To make this process easy and quick – I fill my sink with cold water (and a dash of apple cider vinegar) and lay out some tea towels on the bench. I then pop all my fruit in first: apples, pears, etc. I swish them around and then take them out and pop them on the tea towel.

Next, I do other hard vegetables – like carrots, zucchini, capsicum, squash etc.

And then I empty the sink – and refill it with more cold water. Next I do all the green leafys. I lay these on a separate tea towel. I then use my salad spinner for these. It is very important to remove as much water as possible from the your leafy vegetables – otherwise they will go soggy and slimy very quickly.

Step 3: Prepping Your Vegetables

In order to make grabbing vegetables each night easy – they need to be ‘ready to cook’.

So – for things like carrots, capsicum, zucchini, broccoli, I slice these up just like I would for dinner. Carrots and zucchini goes into rounds, and capsicum goes into strips. I also chop some carrots into strips too so that we can have this for snacks.

For leafy greens –  I don’t mess with these too much. After I’ve spun them in the salad spinner, I remove any dodgy bits of greenery and that’s about it. Slicing these right before dinner is a 30 second job, and leaving it until then will mean that my leafy greens will last longer.

Step 4 – Storing Your Vegetables

I store my hard vegetables in glass containers in the fridge. I chose glass for a couple of reasons. Firstly, glass is better for you than plastic (google BPA and you’ll understand why). Secondly, glass allows me to see the contents. And this increases the likelihood that I will use what is in the container.
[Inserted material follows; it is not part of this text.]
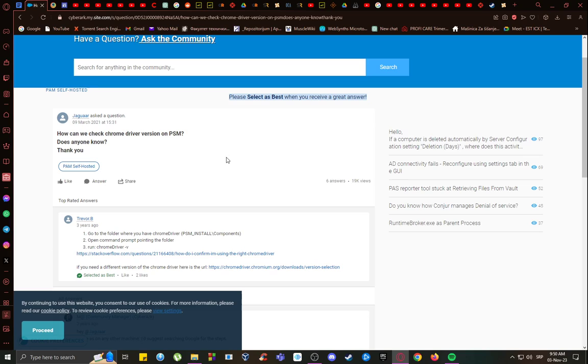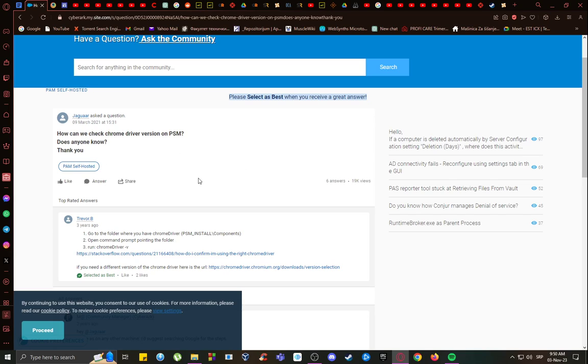First and foremost, Chrome Driver is an extension for Selenium. It is used to run automatization tests on Chrome, and it is a very useful tool overall. However, how do you check that you have the right version, or if you need to update it?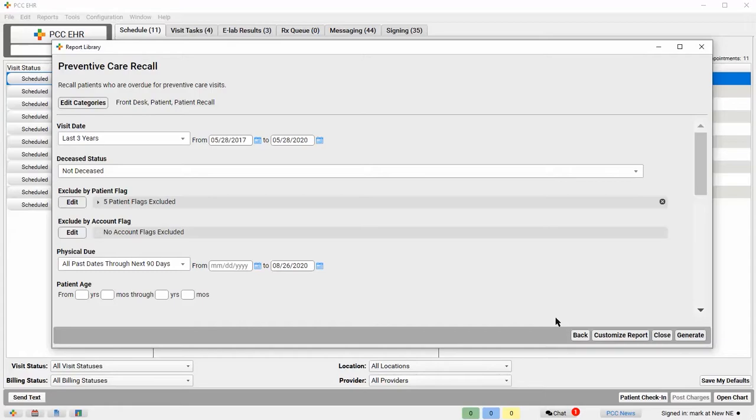I'll then use the Exclude by Account flag filter to do a similar thing, excluding inactive accounts.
For my leafy greens, I pop a damp paper towel or cloth napkin in a glass container (or zip lock bag) and then gently place my green leafys on top. I can sometimes get mine to last me longer than a week if I do this step.

Once you have finished this step, you should have a number of containers in your fridge all full of prepped vegetables.

Step 5 – Using Your Vegetables

The most basic way to use these is to simply add them as a side to your normal meal. I will often steam a bunch of vegetables for dinner, and then serve these alongside some lamb cutlets or sausages, lentil loaf or other protein.

You can also use them as healthy snacks: like carrot, cucumber and capsicum strips with some hummus. They are quick to grab and pack into lunches too.

A stir-fry is also super fast now using this method. The actual stir-frying takes minutes – and now with all the chopping already done, you can have dinner on the table in 15 minutes! (Yes – Jamie Oliver, eat your heart out!)

At the end of the week, I usually grab anything that is left over and make a fridge frittata or a fridge pasta. Basically this just a throw everything into a pot kinda meal. It means we don’t waste anything, and it means the fridge and our containers are all clean and ready to be filled again for the next week!


And that is it. This process takes me less than an hour each week. My toddler enjoys helping – so sometimes it takes a little longer!

But it saves me the 20 minutes per night that I used to spend trying to find vegetables, cutting and prepping them for dinner.

We now eat more vegetables, and getting dinner on the table is a much easier process.